Emira Property Fund, the JSE-listed real estate investment trust (Reit), has made an offer to buy the shares in Transcend Residential, the listed specialised fund, which it doesn’t already own. Emira will spend R525m on the deal if Transcend’s shareholders accept the offer.
Transcend is a specialist Reit which listed on the JSE AltX in 2016 and migrated to the main board in 2020.
In 2018, Emira secured a strategic minority stake in Transcend to expand its investment in residential property and enhance portfolio diversification. Emira’s CEO Geoff Jennett said Transcend had accumulated an impressive residential portfolio over a relatively short period. Emira had helped by providing Transcend with funds. Since its initial investment in Transcend, Emira has played a pivotal and almost exclusive role in providing capital to fund its growth, Jennett said. In the process, Emira has increased its equity in Transcend, he said.

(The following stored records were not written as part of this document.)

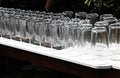 Refreshments, the glasses, Garden Party Royalty Free Stock Photo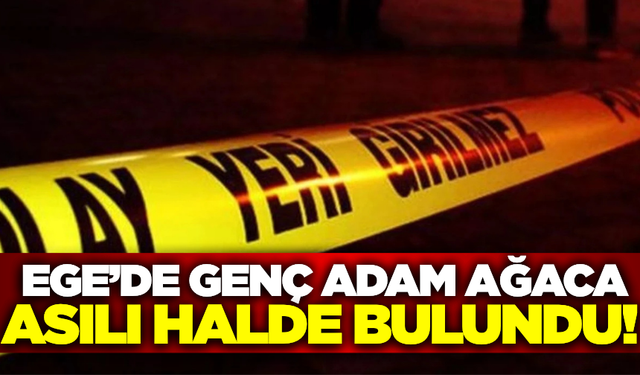 Aydın'da korkunç olay: Genç adam asılı halde bulundu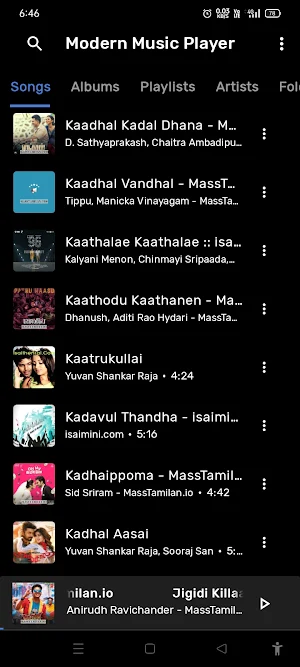 Modern Music Player Screenshot 0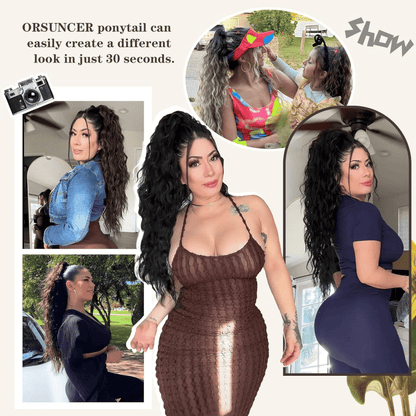 LuxiFemme™ — Unlock Instant Volume and Confidence with Effortless, Flawless Ponytails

“Most recently, Emira was one of only a few legacy shareholders to follow their rights in Transcend’s December 2021 R156m equity raise via an underwritten vendor placement. This investment, together with a small stake acquired in an off-market trade from a major financial institution, increased Emira’s stake in Transcend to a pre-offer level of 40.69%,” said Jennett.
Transcend faced fundamental obstacles deterring a broader universe of institutional investors. It is a highly illiquid small-cap with less than 0.9% of its issued shares trading over the last three months. Its external management company structure has been unpopular within the investment community.

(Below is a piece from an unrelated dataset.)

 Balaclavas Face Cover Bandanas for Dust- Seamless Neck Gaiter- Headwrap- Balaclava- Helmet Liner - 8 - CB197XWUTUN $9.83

“We firmly believe that operating Transcend in the unlisted environment is the only realistic alternative for the future, given its limitations. Controlling it as an Emira subsidiary makes sense from a cost, access to capital and investor interest perspective,” said Jennett.
There was no benefit to maintaining two listed entry points into Transcend’s assets, which would be better served in an Emira-controlled subsidiary. Emira was not supportive of Transcend issuing new equity capital to the extent that it resulted in a dilution of either Emira’s shareholding in Transcend or its net asset value per share, which, other than via increasing its loan to value ratio, is the only way to fund acquisitive growth.
Emira’s general offer is a liquidity event for all existing shareholders at a clean share price of R5.38 per Transcend share representing a 17% premium on the recent vendor placement price of R4.60, which most legacy shareholders declined to take up, Jennett said.
“This once-off liquidity event also represents a 12% premium to the effective R4.80 clean closing price of 8 July 2022. The clean share price will be escalated by an estimated distribution accrual per share for the applicable,” he said.
Emira’s medium-term target mix is to have 20% of its assets offshore, and of the remaining 80% in SA, it is targeted to be weighted 20%, 15%, 20%, 45% in office, residential, industrial and retail.